Even developers who speak well of the scheme tend to damn it with faint praise. Infinium sales executive Chris Cadge is typical: ‘It’s a very detailed examination to get through. The accreditation process is a valuable exercise, but to get full certification costs time and money.’
‘We accept their comments that the VAT specification is complex, even though we’ve gone out of our way to make it as simple as possible,’ says BASDA chief executive Dennis Keeling.
‘We don’t want to water it down, but our ambition is to make as many software vendors as possible become accredited.’ To this end, he asked members of the association’s VAT working party to review how they could simplify the process. The most likely route would be to subdivide level 1 into two categories – a simplified ‘compliant’ rating that covered basic legal requirements and a ‘recommended’ level similar to the existing level 1.
The specification currently includes a requirement to collate VAT audit trails within accounting packages. This function allows Customs inspectors to track down the answers to any queries very quickly. The working party participants thought it was a useful feature, but many other developers would have to change their code to support it.

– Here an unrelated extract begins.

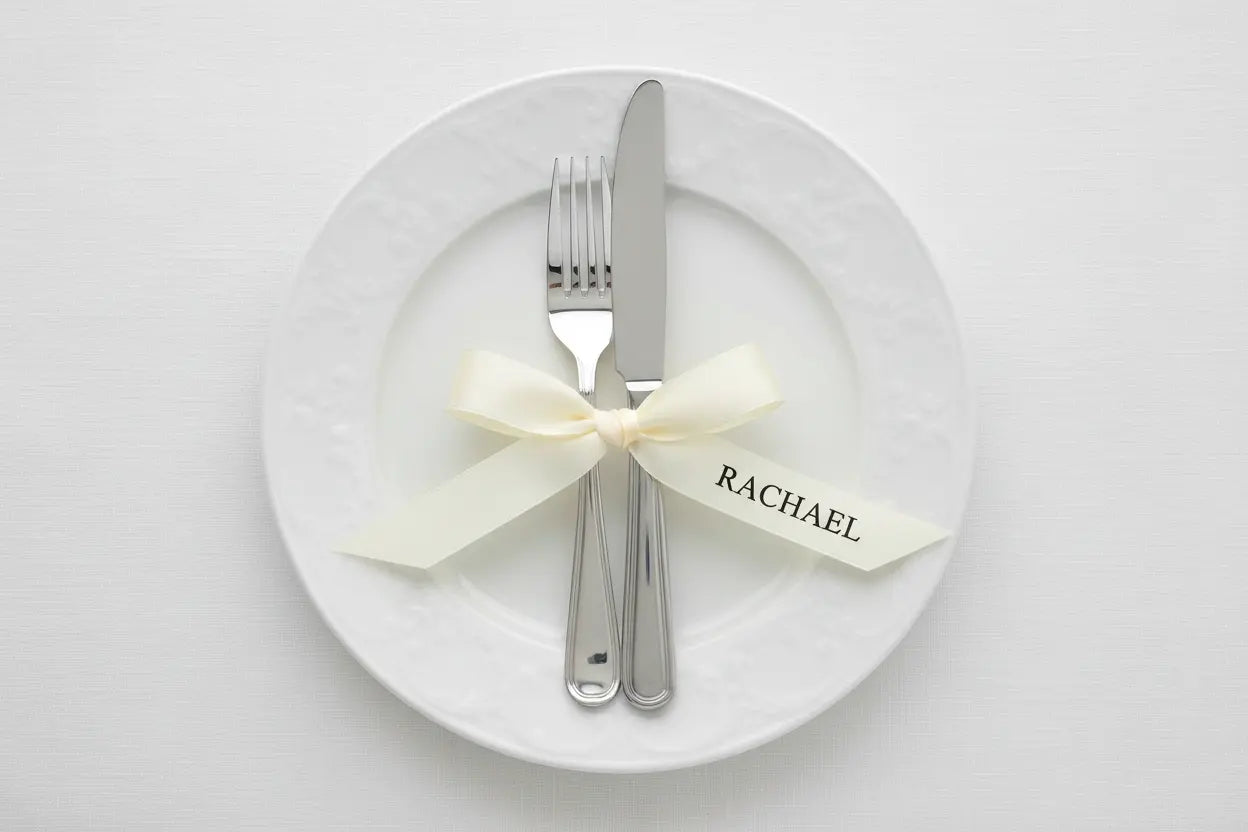 Light cream ribbon with Rachael in black foil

It is likely to go into the recommended rather than compliant category, but could still be a selling point with end users, suggests Keeling. ‘Instead of putting up with the VAT man for a couple of days, it would allow them to do their job in a couple of hours.’
Eduardo Loigorri, of Exchequer Software, welcomed the review. ‘We found it was quite restrictive in the areas that were compulsory,’ he says.
But it also didn’t allow for the requirements of specific industries such as second-hand car dealerships or chemists, which we cater for in our software.
‘Before it was all or nothing but the compliant/advanced approach would open the door for many vendors,’ says Loigorri.